Supreme Court Closes Tax Loophole for Online Retailers
In a 5-4 decision yesterday, the Supreme Court closed a tax loophole that prohibited states from taxing certain online retailers. In South Dakota v. Wayfair, Inc., the Court overruled its 1992 decision in Quill Corporation v. North Dakota which prohibited states from taxing retailers with no physical presence within their boundaries. Relying on the Commerce Clause, the Court found that each year, the physical proximity rule has become “further removed from economic reality and results in significant revenue losses to the States.”

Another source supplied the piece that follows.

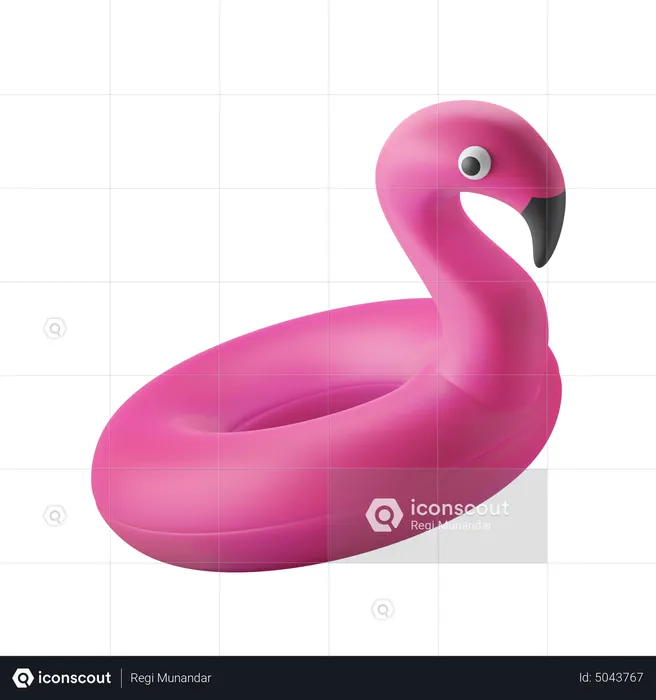 Anel de natação flamingo  3D Icon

The Court had three primary reasons for overturning Quill. First, the Court held that Quill was flawed on its own terms because the physical presence rule was not a necessary interpretation of Complete Auto’s Nexus Requirement, which requires there be a close relation between the state and the transaction it seeks to tax. Second, the Court held that Quill created market distortions that created judicial tax shelters for businesses that limited their physical presence to one state, but then targeted consumers from other states via the Internet. The Court noted that this was not an issue in 1992, a pre-Amazon era, when Quill was decided. Third, the Court held that Quill imposed an “arbitrary, formalistic distinction that the Court’s modern Commerce Clause precedents disavow in favor of ‘a sensitive, case-by-case analysis of purposes and effects,’”. This will permit courts to have more power to determine individual taxation controversies.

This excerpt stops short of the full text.